As reported by The Australian Financial Review, UBS mining analyst Glyn Lawcock believes the world's four largest iron ore miners – being, BHP Billiton Limited (ASX: BHP), Rio Tinto Limited (ASX: RIO), Fortescue Metals Group Limited (ASX: FMG) and Brazil's Vale – are going for a "Goldilocks" price – one that is just right.
Each of the four miners maintain lower cost operations than the market's smaller players, meaning they can still profit even with the commodity trading down 50% over the last 13 months. While their cash flows and margins could certainly come under pressure in the near-term, the idea is that the world's higher cost operators would be priced out of the market, leaving the four biggest miners with a greater share.
Lawcock said: "The low cost incumbents at the bottom of the cost curve want a price that doesn't deter them from investing, that makes a good return for them, but not too good a return that it encourages new entrants and competitors… It's the Goldilocks strategy [on price] – not too much, not too little, but just right."
Get used to low prices
The iron ore price is hovering around its lowest price in more than five years. While the majors continue to ramp up their production levels (see BHP Billiton's and Rio Tinto's recent production reports, here and here), Chinese demand is waning. The basic supply and demand dynamics dictate that in such a scenario, prices will only continue to fall.
The announcement from Arrium Ltd (ASX: ARI) last week that it would be closing one of its two iron ore mining precincts in South Australia, whilst also reducing its capital expenditure by 30%, shows the suffering currently being endured by the high-cost miners. Even Fortescue Metals Group has been hovering around multi-year lows with the tumbling commodity price taking its toll on the bigger miners, too.

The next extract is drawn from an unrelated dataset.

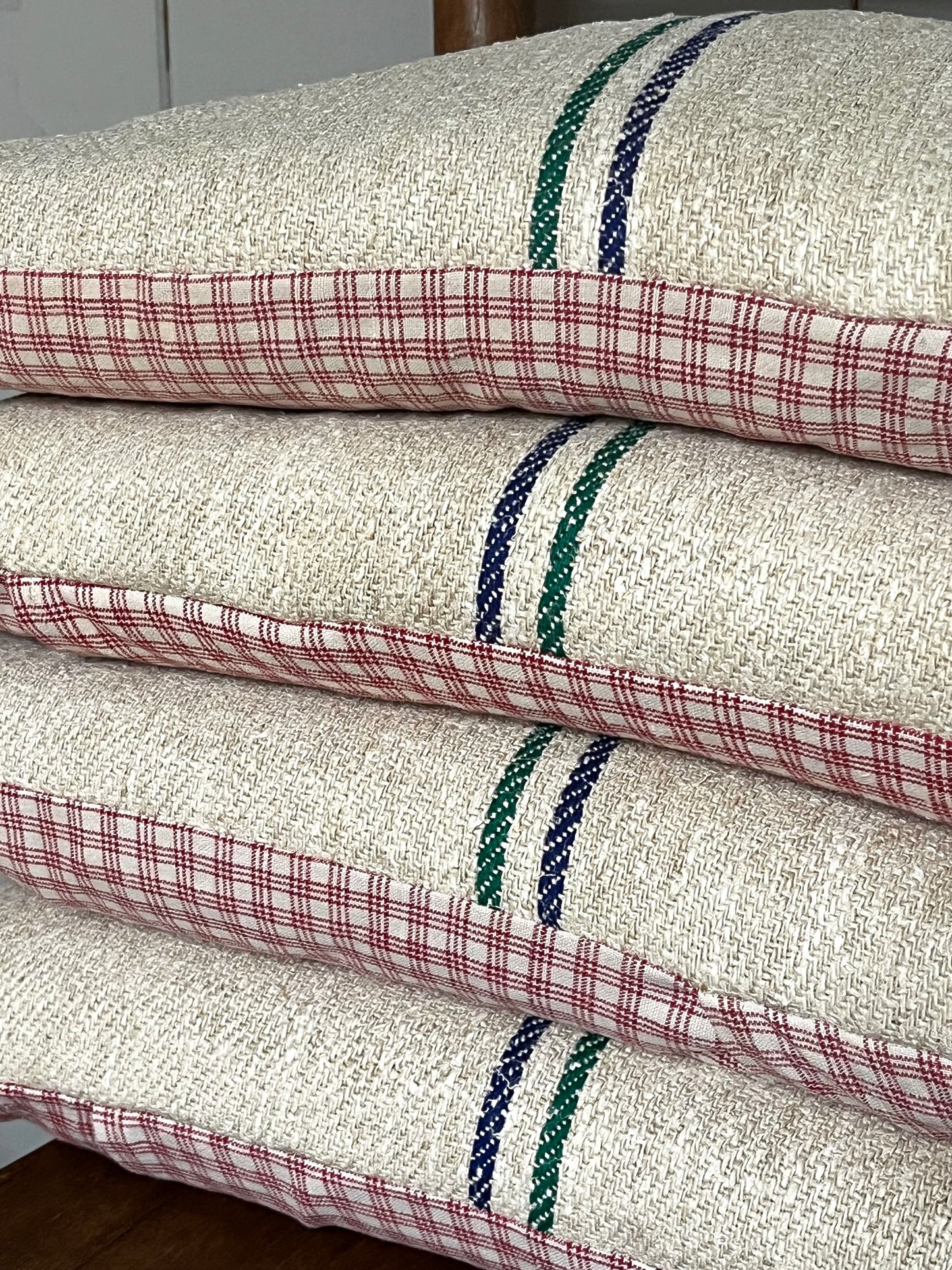 Dinkelkissen für den Nacken: Vintage Kissen aus altem Leinensack 45 x 25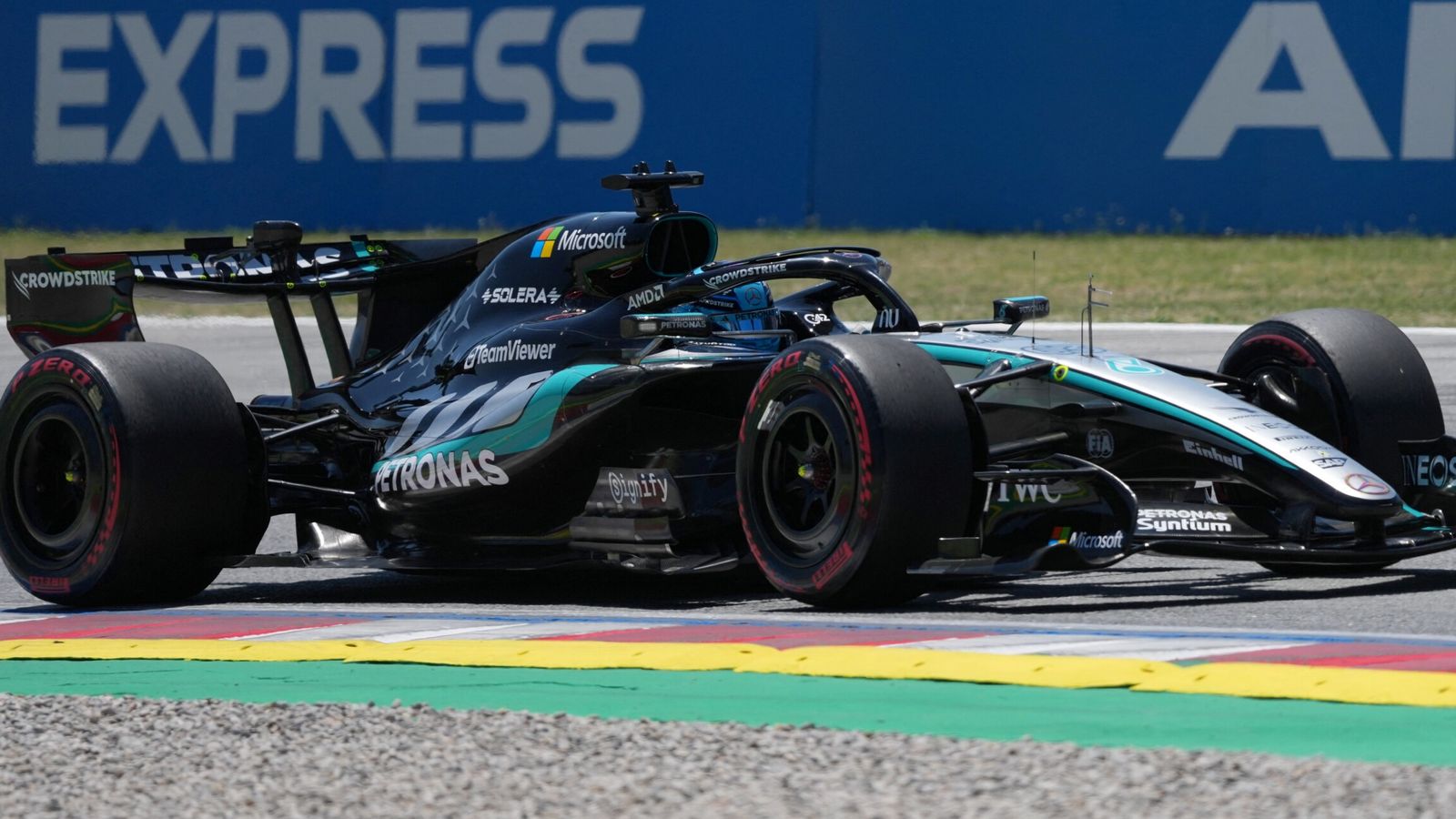 Barcelona-Catalunya GP: Džordžs Rasels ātrākais pēdējā treniņā, Kimi Antonelli saskaras ar satiksmes frustrāciju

Although there were signs of the price stabilising earlier in the year, iron ore is likely to continue dropping over the next 12 months. While BHP Billiton and Rio Tinto are both well equipped to handle the low price environment (according to the AFR, BHP's and Rio Tinto's breakeven price is around US$34 a tonne, thanks in part to the falling currency), it could prove catastrophic for some of the industry's higher cost players. As such, investors would be wise to avoid the sector altogether, for now at least.